= Available data =
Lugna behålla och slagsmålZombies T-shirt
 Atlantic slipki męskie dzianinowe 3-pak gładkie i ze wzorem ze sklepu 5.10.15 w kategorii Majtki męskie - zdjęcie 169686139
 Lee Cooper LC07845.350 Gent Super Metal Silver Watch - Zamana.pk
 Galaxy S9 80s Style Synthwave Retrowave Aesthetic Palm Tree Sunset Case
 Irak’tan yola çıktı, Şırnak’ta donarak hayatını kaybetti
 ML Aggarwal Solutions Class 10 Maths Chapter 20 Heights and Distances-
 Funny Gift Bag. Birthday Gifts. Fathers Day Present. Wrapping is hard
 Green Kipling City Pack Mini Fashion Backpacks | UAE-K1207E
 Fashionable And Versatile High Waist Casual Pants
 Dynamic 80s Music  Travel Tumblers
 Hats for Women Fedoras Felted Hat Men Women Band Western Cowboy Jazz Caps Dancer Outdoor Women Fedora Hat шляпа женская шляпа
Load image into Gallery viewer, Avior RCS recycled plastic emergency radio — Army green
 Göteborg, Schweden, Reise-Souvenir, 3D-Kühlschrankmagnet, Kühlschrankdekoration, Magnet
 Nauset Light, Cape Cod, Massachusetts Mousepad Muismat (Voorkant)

= Work request =
Every line from above should appear again in the answer, exactly as written.

= Exercise result =
Lugna behålla och slagsmålZombies T-shirt
 Atlantic slipki męskie dzianinowe 3-pak gładkie i ze wzorem ze sklepu 5.10.15 w kategorii Majtki męskie - zdjęcie 169686139
 Lee Cooper LC07845.350 Gent Super Metal Silver Watch - Zamana.pk
 Galaxy S9 80s Style Synthwave Retrowave Aesthetic Palm Tree Sunset Case
 Irak’tan yola çıktı, Şırnak’ta donarak hayatını kaybetti
 ML Aggarwal Solutions Class 10 Maths Chapter 20 Heights and Distances-
 Funny Gift Bag. Birthday Gifts. Fathers Day Present. Wrapping is hard
 Green Kipling City Pack Mini Fashion Backpacks | UAE-K1207E
 Fashionable And Versatile High Waist Casual Pants
 Dynamic 80s Music  Travel Tumblers
 Hats for Women Fedoras Felted Hat Men Women Band Western Cowboy Jazz Caps Dancer Outdoor Women Fedora Hat шляпа женская шляпа
Load image into Gallery viewer, Avior RCS recycled plastic emergency radio — Army green
 Göteborg, Schweden, Reise-Souvenir, 3D-Kühlschrankmagnet, Kühlschrankdekoration, Magnet
 Nauset Light, Cape Cod, Massachusetts Mousepad Muismat (Voorkant)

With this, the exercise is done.